As a substrate having a large Al composition, a lettering guide substrate having AlN stacked on a base material of sapphire has been developed (see, for example, JP-A 2002-274996). In the case of the lettering guide substrate, the sapphire base material is deteriorated at a high temperature of 1500° C. or more and, at a higher temperature, it is impossible to stack aluminum gallium nitride (AlxGa1-xN (0<x≦1)). In view of the above and in the same manner as in the fact that a self-independent GaN substrate is effective for a blue LED with respect to an aluminum gallium nitride (AlxGa1-xN (0<x≦1)) Group III nitride semiconductor of ultraviolet or deep-ultraviolet region having a large Al composition, it is required that a self-independent substrate of AlN or AlxGa1-xN (0<x≦1) is used for the purpose of enhancing the crystal quality resulting from reduction in light absorption and dislocation density and also enhancing the cleaved surface property for the formation of an LD end face.

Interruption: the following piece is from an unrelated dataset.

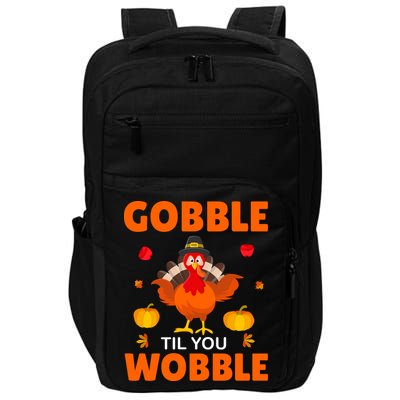 Gobble Til You Wobble Funny Thanksgiving Impact Tech Backpack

As regards the fabrication of an aluminum nitride substrate, while applying the GaN substrate fabrication technique, the sublimation method (see, for example, JP-A 2004-284870), the flux method (see, for example, JP-A 2004-231467), the HVPE method (see, for example, JP-A 2001-181097), the amonothermal process (see, for example, JP-A 2004-002152 and the solution technique (see, for example, App. Phys. Soc. Autumn General Meeting, 2004, papers, 1a-W-4) are attempted.
For the fabrication of a substrate of AlxGa1-xN (0<x≦1) that is a mixed crystal of AlN and GaN, a vapor phase growth method is dominant. The HVPE method is a vapor phase growth method and enables the compositions of AlN and GaN to be controlled and, therefore, has a high probability.
On the other hand, the MOCVD method that is a vapor phase growth method similar to the HVPE method has a feature capable of controlling the composition of a mixed crystal of AlN and GaN with higher precision than the HVPE method and is optimum as a method for depositing a layer of AlxGa1-xN (0<x≦1). The MOCVD method makes it possible to enlarge a device and is excellent in productivity. Almost all the LEDs, LDs and electronic devices using Group III nitride semiconductors, available on the market at present utilize the MOCVD method to grow crystals, from which it is found that the MOCVD method is an effective method. However, since the growth speed in the MOCVD method is generally several μm/hr that is lower than that of the HVPE method that is several tens of μm/hr, the MOCVD method is disadvantage for depositing a crystal in a large thickness. Therefore, it is still difficult to deposit a layer of AlxGa1-xN (0<x≦1) in a thickness of several tens to several hundreds of μm required as the thickness of a substrate.
If it is possible to deposit the crystal in a large thickness, with the growth speed increased in the MOCVD method, however, a substrate of AlxGa1-xN (0<x≦1) can be fabricated, with the composition of the AlxGa1-xN (0<x≦1) controlled with high precision.
An object of the present invention is to obtain a self-independent substrate of AlxGa1-xN (0<x≦1) through a method comprising using the MOCVD method to deposit a layer of AlxGa1-xN (0<x≦1) in a thickness of several tens to several hundreds of μm at high growth speed on a base material and then removing the base material, thereby materializing a Group III nitride semiconductor excellent in luminous efficiency in the ultraviolet and deep-ultraviolet regions. By using the substrate, it is made possible to provide a Group III nitride semiconductor light-emitting device excellent in luminous efficiency in the ultraviolet and deep-ultraviolet regions.